Boeing 777: a "fadiga do metal", uma lei física que pode causar acidentes

Boeing 777 da United Airlines - Daniel Slim/AFP

As autoridades americanas consideram a pista da "fadiga do metal" das pás do motor como elemento para elucidar as causas do incidente de sábado (20) em um voo da United Airlines, que provocou a imobilização parcial da frota mundial dos Boeing 777.   

Quando um material é usado com frequência, esse fenômeno físico pode fazer com que ele se deforme e, posteriormente, seja danificado. 

Falhas em aviões ou trens causadas pela "fadiga do metal" podem ser explicadas por um "defeito de fabricação" ou por um "problema de manutenção", mas sem excluir uma "parte de azar", afirmam os especialistas à AFP. 

Como no caso de um pequeno 'clipe' de metal de escritório, que é mais facilmente quebrado girando-o de forma cíclica e frequente em vez de puxá-lo "com muita força", de acordo com esse mesmo princípio, os materiais que compõem os motores "cansam" e podem quebrar, explica François Hild, diretor de pesquisa em mecânica dos materiais do francês CNRS (Centro Nacional de Pesquisa Científica). 

Nos aviões, as pás das turbinas utilizadas para acelerar a entrada de ar no reator - várias das quais quebraram causando um incêndio em um motor do Boeing 777 - realizam ciclos de movimentos semelhantes: "quando o motor está funcionando, ele sacode, e quando para, se solta", observa Pascal Roche, professor de Propulsão da Escola Nacional de Aviação Civil de Toulouse (ENAC). 

"Ao repetir isso dezenas, centenas ou mesmo milhares de vezes, o material pode quebrar", acrescenta Hild. 

Após outro incidente semelhante no início de 2018, envolvendo este mesmo modelo de motor Pratt & Withney, que usa parte dos Boeing 777, a agência reguladora de aviação americana, a FAA, informou na época que havia solicitado "inspeções iniciais e depois frequentes a cada 6.500" decolagens. 

Também um possível "problema de manutenção" de peças que "não teriam sido alteradas com antecedência" é uma hipótese a ser considerada, alerta Pascal Roche.

Defeito de fabricação 
Precisamente, um defeito de manutenção estava no centro da investigação da pior catástrofe ferroviária depois da Segunda Guerra Mundial na Alemanha.

Em junho de 1998, um acidente de trem de alta velocidade causou 101 mortes em Eschede. A companhia ferroviária nacional alemã não havia substituído uma roda desgastada, cuja falha por causa da fadiga do metal fez com que um vagão descarrilasse. 

Mas a "fadiga do metal" nas lâminas de titânio também pode resultar de um "defeito de fabricação", sugere François Hild. 
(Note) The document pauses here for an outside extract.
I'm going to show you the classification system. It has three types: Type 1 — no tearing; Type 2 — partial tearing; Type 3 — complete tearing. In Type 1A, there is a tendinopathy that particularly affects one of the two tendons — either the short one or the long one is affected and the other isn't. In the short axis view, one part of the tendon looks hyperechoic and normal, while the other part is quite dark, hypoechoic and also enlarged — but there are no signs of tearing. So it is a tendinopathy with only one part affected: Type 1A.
"O titânio, por exemplo, é um metal que resiste muito bem à fadiga", mas "um defeito de fabricação, alguma impureza ou uma simples bolha de ar, faz com que as peças sejam mais sensíveis a esse fenômeno", explica. 

Um Airbus A380 sofreu um acidente semelhante em 2017, depois de perder uma parte significativa de um de seus quatro reatores voando sobre a Groenlândia. 

O Bureau Francês de Pesquisa e Análise (BEA) finalmente determinou que a explosão do motor foi causada por uma microfissura resultante da fadiga prematura de uma liga de titânio. 

A causa foi um defeito de fabricação durante o forjamento da peça. 

"Essa liga já era usada desde os anos 1970, havia um elemento de azar", explicou na época um especialista.